If it were to follow through with this request, the result would be that no country anywhere in the world would be able to make use of Clearview’s service. Not only could U.S. law enforcement agencies not use the tool to locate a British or French national who comes to the United States and commits a crime that is recorded on camera, but if the company must delete all of its data to comply with these orders, the tool would be rendered useless for everyone. Therefore, demanding that Clearview stop processing data about their data subjects is not a reasonable or proportionate response. If France and the UK are concerned about the implications of law enforcement using this tool, a better option is to simply not use it.
Finally, these orders represent a critical blow to both free speech and a free and open Internet because they directly implicate what individuals and businesses can do with legal personal data they download from the Internet. For example, other search engines and web proxies may also store or processes images of Europeans from the Internet—there is no reason that a European regulator might not take action against one of these businesses in the future.

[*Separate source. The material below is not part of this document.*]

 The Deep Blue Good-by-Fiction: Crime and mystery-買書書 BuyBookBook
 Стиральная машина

Similarly, coding has long been recognized as a form of speech, and data protection authorities can treat individuals as data controllers—so this ruling would suggest that European regulators believe it would be within their authority, for example, to prohibit an American from executing code on their personal computer that would process publicly available photos from the Internet about Europeans. Or perhaps European regulators would like to prohibit Americans from retweeting photos European users share of themselves on social media. None of these outcomes would advance the idea, often espoused by European and American policymakers alike, that countries should promote a mostly open Internet—giving users the freedom to connect, speak, innovate, and share content with few restrictions.

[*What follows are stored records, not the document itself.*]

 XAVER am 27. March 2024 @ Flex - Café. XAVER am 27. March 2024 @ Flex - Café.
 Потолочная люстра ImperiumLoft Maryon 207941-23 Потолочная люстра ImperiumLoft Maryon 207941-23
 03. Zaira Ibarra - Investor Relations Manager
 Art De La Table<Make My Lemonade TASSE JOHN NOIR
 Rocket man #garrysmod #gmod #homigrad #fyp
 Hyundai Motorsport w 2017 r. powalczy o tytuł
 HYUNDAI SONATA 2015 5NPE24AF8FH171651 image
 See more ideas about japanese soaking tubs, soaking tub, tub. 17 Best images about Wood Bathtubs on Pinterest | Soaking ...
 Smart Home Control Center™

The primary problem with both of these orders is that they do not consider the extraterritorial impact of their decisions. As ITIF has written before in its report “Beyond Internet Universalism: A Framework for Addressing Cross-Border Internet Policy,” countries will often have different policy objectives, so they should not act unilaterally to impose policies that directly affect individuals or organizations outside their country. Instead, they should either pursue policies that minimize their impact outside their domestic jurisdiction or work to build international consensus on these issues through multilateral forums.
Rather than acting unilaterally, the UK and France could have raised these concerns in existing forums such as the EU-US Trade and Technology Council or as part of the revitalized Atlantic Charter. But since these countries have acted without regard to the impact on the United States, U.S policymakers should respond. After all, while Clearview disputes the legality of both of these orders and will likely appeal them, the orders themselves put the company at existential risk. For example, the UK fine alone amounts to 60 percent of the total funds it has raised from investors. Moreover, the company will likely face similar actions from data protection officials in other European countries in the coming months, a pressure that would be challenging for any startup to handle. Therefore, while the company will likely appeal these orders, it should do so with explicit and forthright political support from the U.S. government designed to defend U.S. companies from unfair extraterritorial enforcement actions, protect public safety, and preserve Internet freedoms.